Estive recentemente na penitenciária Jonas Lopes de Carvalho (Bangu 4) para negociar, em prestações, uma dívida, a que respondo sem demora, com a própria visita ao cárcere. Antes de assinar as promissórias da dívida, lembro do adágio que diz: após a sentença, o delito e a pena deixam de ser uma questão estritamente jurídica, para atingir uma questão de ordem moral. E para os dois lados, os de dentro e os de fora da prisão. Ambos constituem a mesma porção de humanidade.
Com a professora Fernanda Lopes, coordenadora de inserção social, chego a Gericinó segunda de manhã, dia de renovação, após a visita das famílias na véspera. Com o diretor do presídio, Marcelo da Hora dos Santos, entro nas alas e cumprimento a todos, que me respondem com educação. Como é difícil encontrar a temperatura das palavras. Não tanto o que dizer, mas o modo e a forma. Alguns degraus acima, o colégio estadual Professora Sonia Maria Menezes, em que atuam professores de qualidade, conscientes de seu papel, cujo trabalho abrange diversas atividades, dentre as quais a biblioteca, administrada por um monitor.
Converso em todas as salas com os alunos. E depois com os professores, para quem a escola não constitui favor, mas direito dos seres humanos, como o acesso universal à educação, defendido pelo diretor da escola, Ronaldo Almeida. Tampouco os alunos são classificados como artigos do código penal, do que fizeram ou deixaram de fazer. Cada qual é visto em seu projeto de futuro. Sabemos, com Paulo Freire, que a educação é uma prática para a liberdade.
Atitude rara a de Bangu, porque a velha lógica da prisão é a de um monstro ciumento, que raramente se desfaz de suas vítimas, mesmo após a liberdade. Monstro que aposta na reincidência, na marca de um passado sem remédio, de um estigma. Eis a fisiologia e a anatomia da prisão, esta sim, desenganada e prestes a morrer.

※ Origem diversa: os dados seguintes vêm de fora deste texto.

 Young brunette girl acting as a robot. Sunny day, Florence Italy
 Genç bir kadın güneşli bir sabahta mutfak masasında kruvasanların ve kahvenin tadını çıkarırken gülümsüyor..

Creio firmemente no programa de educação e formação técnica que ocorre em Bangu. Vejo com grande interesse a remição da pena, através da leitura, em diversos estados do Brasil. Tenho como urgente a criação e o aperfeiçoamento das bibliotecas, dotadas de livros novos, com variedade e qualidade, não se limitando exclusivamente a conteúdo didático, paradidático ou de proselitismo religioso. Bibliotecas que sejam desenhadas com estatuto real de emancipação, da literatura como janela para o mundo, fonte de reflexão e encontro da esfera subjetiva. Da leitura como um gesto coral, em que se articulem as vozes dos que ainda não foram ouvidos ou não se fizeram ouvir. E assim poderemos apostar num direito penal mínimo, revestido de compromisso maior e dignidade. Sem as misérias do processo penal.
Ao deixar Bangu 4, penso em “Recordação da casa dos mortos”, quando Dostoievski deixa a prisão, invocando, como um raio, a liberdade. Vida nova àqueles que pareciam mortos, e que entretanto renasciam como a Fênix.